• [Exercise details]: Use the entries below and reproduce exactly the lines from the one containing "Double Accessible King Size Bed (8 of 11)" down to the one containing "1339 E Ocean", both of them included.

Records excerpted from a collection
◇ ◇ ◇ ◇ ◇ ◇ ◇
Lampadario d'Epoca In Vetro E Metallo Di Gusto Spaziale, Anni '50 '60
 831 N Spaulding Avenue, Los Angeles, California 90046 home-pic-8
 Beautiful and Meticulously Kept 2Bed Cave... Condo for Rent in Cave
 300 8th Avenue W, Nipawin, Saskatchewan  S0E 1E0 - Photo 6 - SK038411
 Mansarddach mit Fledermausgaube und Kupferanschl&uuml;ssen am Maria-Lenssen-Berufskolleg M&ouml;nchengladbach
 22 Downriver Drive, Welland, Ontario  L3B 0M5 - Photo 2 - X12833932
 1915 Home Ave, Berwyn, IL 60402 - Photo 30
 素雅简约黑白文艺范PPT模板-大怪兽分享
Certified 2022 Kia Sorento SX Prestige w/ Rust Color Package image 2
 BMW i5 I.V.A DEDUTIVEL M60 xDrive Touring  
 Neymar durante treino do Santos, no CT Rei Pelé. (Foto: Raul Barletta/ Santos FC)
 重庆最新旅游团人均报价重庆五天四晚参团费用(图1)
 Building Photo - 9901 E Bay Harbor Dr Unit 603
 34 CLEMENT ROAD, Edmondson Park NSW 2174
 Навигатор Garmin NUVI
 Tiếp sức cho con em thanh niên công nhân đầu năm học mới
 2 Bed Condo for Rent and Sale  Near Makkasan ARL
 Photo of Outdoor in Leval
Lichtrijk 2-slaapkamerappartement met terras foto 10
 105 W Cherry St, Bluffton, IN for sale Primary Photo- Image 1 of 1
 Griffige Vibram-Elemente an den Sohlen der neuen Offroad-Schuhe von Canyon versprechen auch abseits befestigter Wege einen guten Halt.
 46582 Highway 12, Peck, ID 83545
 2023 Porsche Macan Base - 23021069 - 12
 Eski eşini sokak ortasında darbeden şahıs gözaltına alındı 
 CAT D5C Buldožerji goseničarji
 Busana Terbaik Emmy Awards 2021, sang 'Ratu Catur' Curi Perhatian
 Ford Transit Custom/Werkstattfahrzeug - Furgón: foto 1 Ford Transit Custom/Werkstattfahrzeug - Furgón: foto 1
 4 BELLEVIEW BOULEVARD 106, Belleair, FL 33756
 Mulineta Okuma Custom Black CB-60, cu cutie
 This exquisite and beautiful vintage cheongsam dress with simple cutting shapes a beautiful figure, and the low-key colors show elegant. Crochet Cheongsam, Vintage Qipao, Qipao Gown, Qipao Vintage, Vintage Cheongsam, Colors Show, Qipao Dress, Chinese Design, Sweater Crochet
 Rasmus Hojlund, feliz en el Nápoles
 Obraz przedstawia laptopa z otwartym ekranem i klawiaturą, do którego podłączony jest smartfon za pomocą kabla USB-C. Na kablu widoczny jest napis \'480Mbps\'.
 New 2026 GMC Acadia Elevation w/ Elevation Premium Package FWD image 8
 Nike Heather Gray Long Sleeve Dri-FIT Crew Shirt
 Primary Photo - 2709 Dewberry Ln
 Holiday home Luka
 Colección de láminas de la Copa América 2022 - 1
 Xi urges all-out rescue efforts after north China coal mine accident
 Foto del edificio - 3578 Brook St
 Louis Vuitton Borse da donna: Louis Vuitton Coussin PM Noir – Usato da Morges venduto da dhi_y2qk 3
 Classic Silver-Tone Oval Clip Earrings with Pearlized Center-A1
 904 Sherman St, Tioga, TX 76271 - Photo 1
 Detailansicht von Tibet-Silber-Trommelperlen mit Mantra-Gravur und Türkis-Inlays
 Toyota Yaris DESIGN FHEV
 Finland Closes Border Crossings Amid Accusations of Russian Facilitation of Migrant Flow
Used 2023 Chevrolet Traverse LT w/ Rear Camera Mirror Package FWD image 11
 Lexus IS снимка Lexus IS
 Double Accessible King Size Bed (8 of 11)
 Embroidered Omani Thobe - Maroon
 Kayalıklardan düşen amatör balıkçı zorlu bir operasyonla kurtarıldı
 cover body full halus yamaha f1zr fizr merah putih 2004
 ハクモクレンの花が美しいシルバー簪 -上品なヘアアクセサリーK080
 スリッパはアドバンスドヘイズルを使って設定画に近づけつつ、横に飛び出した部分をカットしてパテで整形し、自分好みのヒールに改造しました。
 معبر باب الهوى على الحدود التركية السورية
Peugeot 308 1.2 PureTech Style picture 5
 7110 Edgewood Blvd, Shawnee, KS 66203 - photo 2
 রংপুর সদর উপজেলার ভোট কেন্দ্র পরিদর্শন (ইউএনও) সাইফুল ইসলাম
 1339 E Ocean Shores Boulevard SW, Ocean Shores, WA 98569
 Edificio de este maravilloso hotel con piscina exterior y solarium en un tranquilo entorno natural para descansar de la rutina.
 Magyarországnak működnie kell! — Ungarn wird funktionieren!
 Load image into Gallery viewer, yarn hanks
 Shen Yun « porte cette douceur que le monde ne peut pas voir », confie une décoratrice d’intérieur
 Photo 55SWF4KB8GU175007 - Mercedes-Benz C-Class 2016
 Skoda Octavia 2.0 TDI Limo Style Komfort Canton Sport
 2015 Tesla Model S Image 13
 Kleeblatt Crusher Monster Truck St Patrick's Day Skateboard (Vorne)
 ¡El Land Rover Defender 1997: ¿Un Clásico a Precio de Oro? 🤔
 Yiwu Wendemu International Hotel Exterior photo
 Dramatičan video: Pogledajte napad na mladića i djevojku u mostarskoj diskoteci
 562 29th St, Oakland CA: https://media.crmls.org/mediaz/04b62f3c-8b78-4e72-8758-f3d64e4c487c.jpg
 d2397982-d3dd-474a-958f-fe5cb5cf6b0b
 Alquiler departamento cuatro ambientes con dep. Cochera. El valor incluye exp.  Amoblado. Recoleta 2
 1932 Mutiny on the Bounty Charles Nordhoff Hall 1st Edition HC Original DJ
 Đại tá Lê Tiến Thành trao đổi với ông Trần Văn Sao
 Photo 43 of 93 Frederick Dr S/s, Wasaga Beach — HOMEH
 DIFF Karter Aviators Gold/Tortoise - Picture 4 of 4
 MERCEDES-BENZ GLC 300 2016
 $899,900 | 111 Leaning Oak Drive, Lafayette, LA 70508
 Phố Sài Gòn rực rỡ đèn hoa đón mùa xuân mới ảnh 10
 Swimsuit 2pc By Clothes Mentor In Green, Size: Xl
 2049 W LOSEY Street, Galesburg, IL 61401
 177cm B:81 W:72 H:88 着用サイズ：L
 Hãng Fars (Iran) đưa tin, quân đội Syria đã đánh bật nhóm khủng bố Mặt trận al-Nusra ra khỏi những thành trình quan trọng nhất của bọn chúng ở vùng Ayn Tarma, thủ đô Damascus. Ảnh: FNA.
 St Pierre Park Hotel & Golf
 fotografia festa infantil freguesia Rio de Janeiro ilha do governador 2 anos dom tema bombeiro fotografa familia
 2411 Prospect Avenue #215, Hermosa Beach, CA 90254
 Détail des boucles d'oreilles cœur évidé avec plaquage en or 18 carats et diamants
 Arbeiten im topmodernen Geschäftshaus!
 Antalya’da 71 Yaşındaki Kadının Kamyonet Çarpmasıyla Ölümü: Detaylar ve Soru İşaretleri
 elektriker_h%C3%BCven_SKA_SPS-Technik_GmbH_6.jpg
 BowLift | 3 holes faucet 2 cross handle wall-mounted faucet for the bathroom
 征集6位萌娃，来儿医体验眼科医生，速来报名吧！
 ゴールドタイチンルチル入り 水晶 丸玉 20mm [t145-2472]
◇ ◇ ◇ ◇ ◇ ◇ ◇
• [Solution for this problem]:
 Double Accessible King Size Bed (8 of 11)
 Embroidered Omani Thobe - Maroon
 Kayalıklardan düşen amatör balıkçı zorlu bir operasyonla kurtarıldı
 cover body full halus yamaha f1zr fizr merah putih 2004
 ハクモクレンの花が美しいシルバー簪 -上品なヘアアクセサリーK080
 スリッパはアドバンスドヘイズルを使って設定画に近づけつつ、横に飛び出した部分をカットしてパテで整形し、自分好みのヒールに改造しました。
 معبر باب الهوى على الحدود التركية السورية
Peugeot 308 1.2 PureTech Style picture 5
 7110 Edgewood Blvd, Shawnee, KS 66203 - photo 2
 রংপুর সদর উপজেলার ভোট কেন্দ্র পরিদর্শন (ইউএনও) সাইফুল ইসলাম
 1339 E Ocean Shores Boulevard SW, Ocean Shores, WA 98569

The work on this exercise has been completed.